Bernie Rhodenbarr is approached by a customer with a proposition: steal a coveted first printing of The Curious Case of Benjamin Button. When Bernie hands over the desired document, he’s then asked to steal a silver spoon adorned with the likeness of Benjamin Gwinnett, a background player in the signing of the Declaration of Independence.
As if this isn’t enough to keep Bernie busy, he’s approached by an old friend on the other side of the law for a consultation regarding a recent break and enter that left an elderly woman dead. Can Bernie steal the silver spoon and crack the case at the same time?
I had been reading a few of Block’s earlier novels published through Hard Case Crime when I received an offer from his publicist to take a look at The Burglar Who Counted The Spoons. I was a little apprehensive at first because as a reader, I never read out of sequence. This isn’t as strict as Batman’s “one rule” but it’s something I prefer to abide by. However, it’s Lawrence Block and it’s an advanced copy of his new book – how could I possibly say no? Truth is, I’m glad I didn’t.
Not having read the previous ten installments of the Burglar series, it’s impossible for me to judge whether or not I would have had a richer reading experience had I read them first but that being said, it’s hard to imagine needing a lot of back story going in. Block does a great job bringing the reader up to speed on Rhodenbarr’s world as a semi-retired burglar who happens to own and operate a bookstore.
It’s worth mentioning that Block is a damn funny guy. There were a few laugh out loud moments in the novel that I had to highlight and save for later, my favorite being:
“..’It was a real Playboy fantasy, wasn’t it? She’s hot and gorgeous, she does everything you can think of and a couple of things you can’t, and then she’s gone. It doesn’t get any better than that.’
‘It could have been better. Around four in the morning she could have turned into a pizza.’”

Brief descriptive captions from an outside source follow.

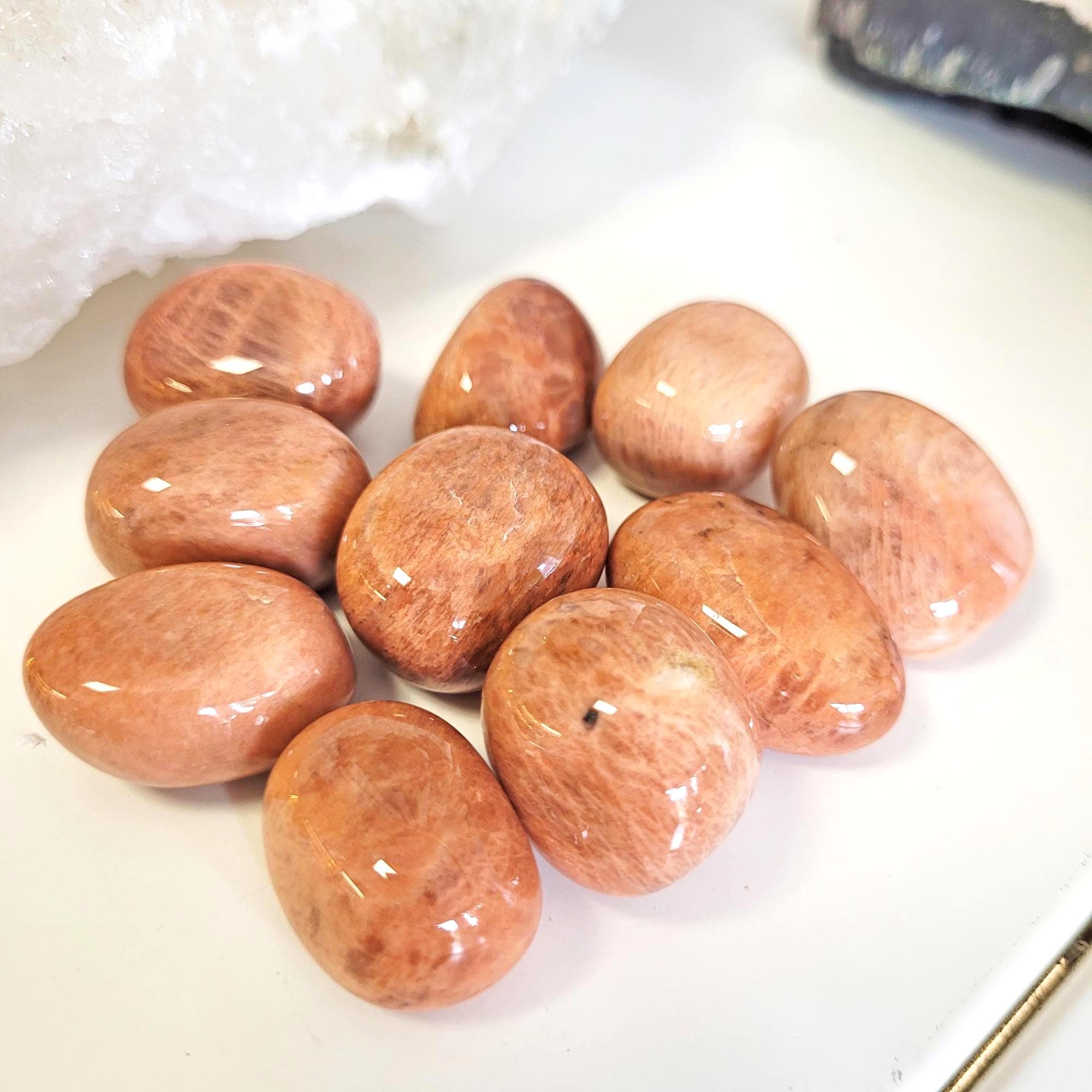 Orange Moonstone Crystal Tumblestones • Ethically Sourced Orange Moonstone Crystal Tumblestones • Ethically Sourced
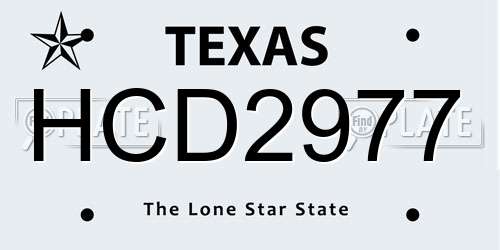 HCD2977 Texas License Plate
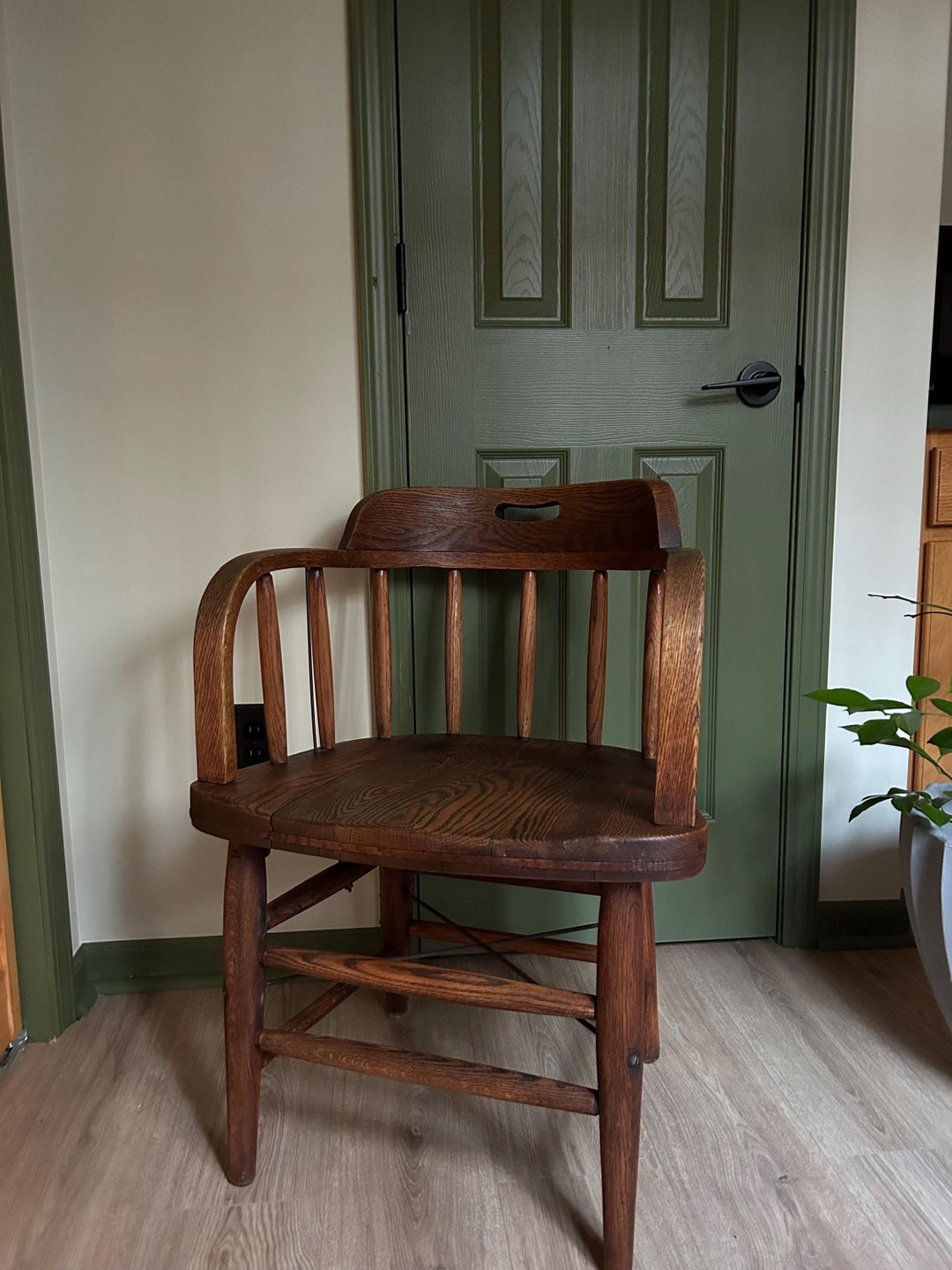 Antique Oak Barrel Chair Solid Oak Captains Chair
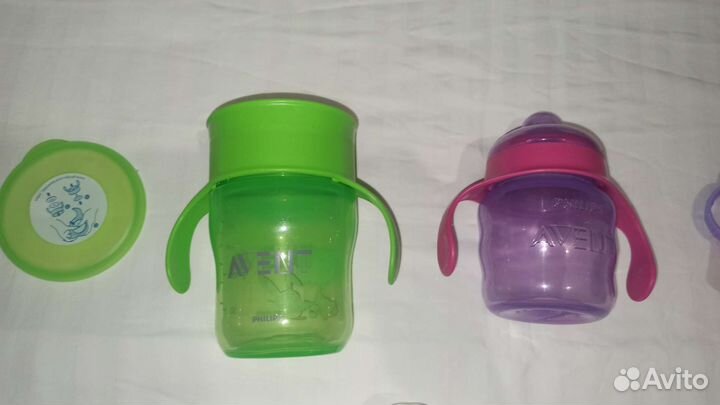 Поильник непроливайка avent с трубочкой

When it comes down to it, this is light storytelling at its finest. While the history of the silver spoon was tightly researched and the reasoning behind its procurement had been interesting, the free-flowing conversations between Bernie, Carolyn and Ray were the highlight, leading to the pages breezing by. I will be seeking out the earlier Bernie novels for sure – I suggest you do the same.